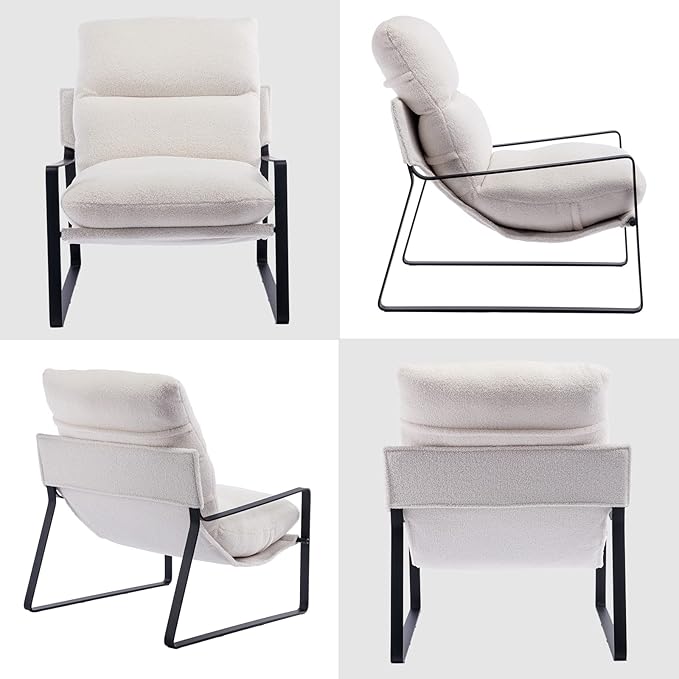 DUOMAY Modern White Sherpa Accent Chair, Comfy Lounge Lazy Chair with Metal Leg, Mid-Century Corner Arm Chair for Living Room Bedroom Office Apartment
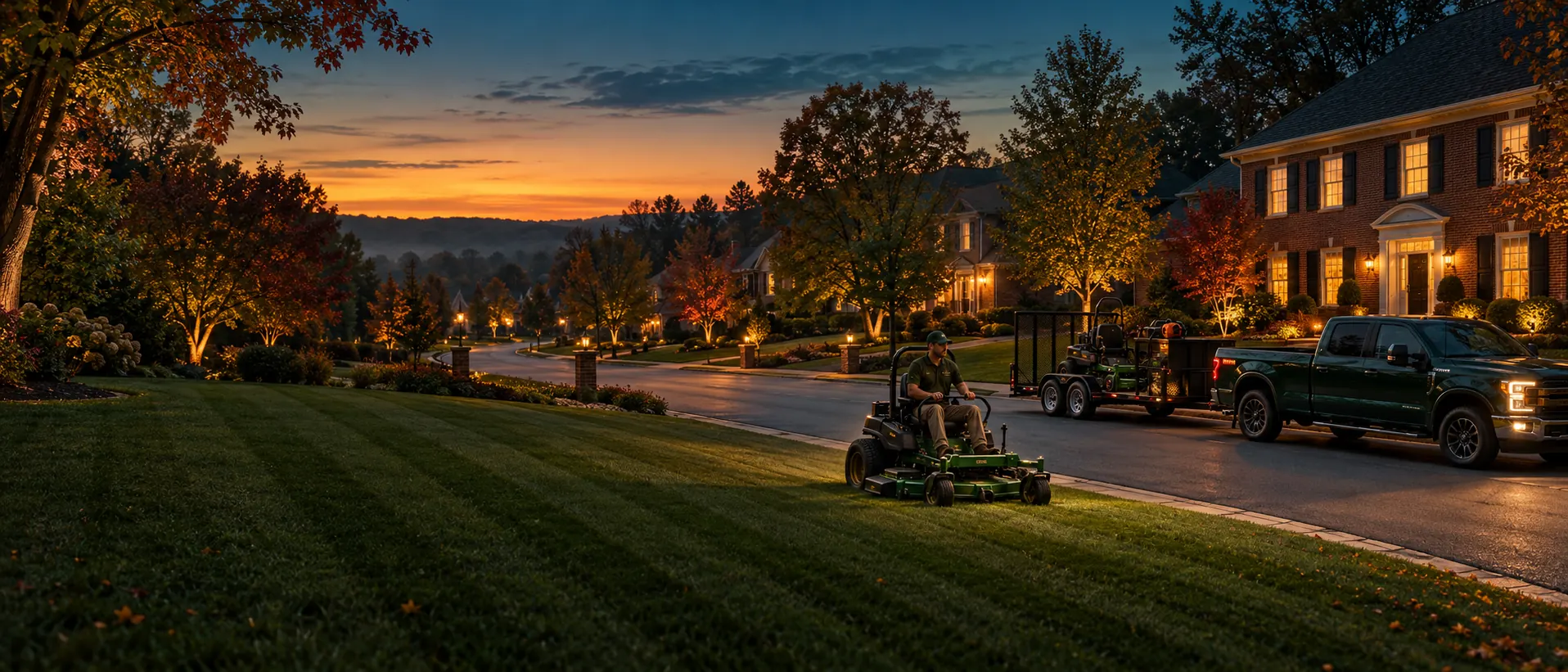 A landscaper on a zero-turn mower finishing a striped front lawn at dusk, his green truck and trailer at the curb of a quiet street with warm lights in the windows.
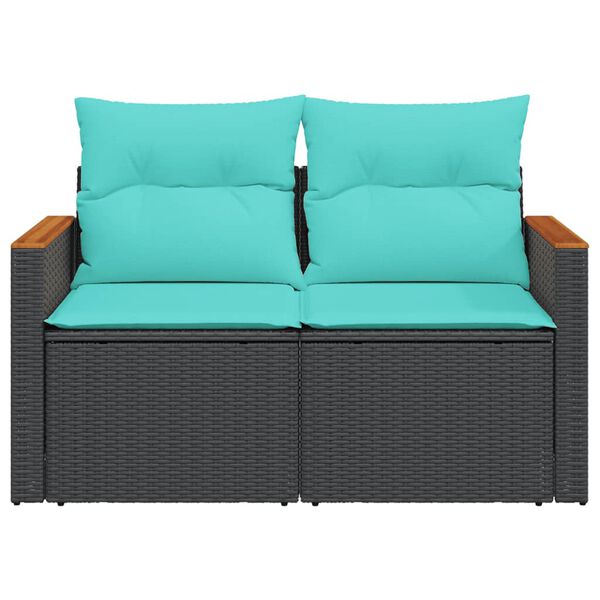vidaXL Garden Sofa Black, Blue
###
Print the lines from the line containing "A landscaper on" through the last line of the listing, exactly as they stand, and leave any pictures out.

### SOLUTION
 A landscaper on a zero-turn mower finishing a striped front lawn at dusk, his green truck and trailer at the curb of a quiet street with warm lights in the windows.
vidaXL Garden Sofa Black, Blue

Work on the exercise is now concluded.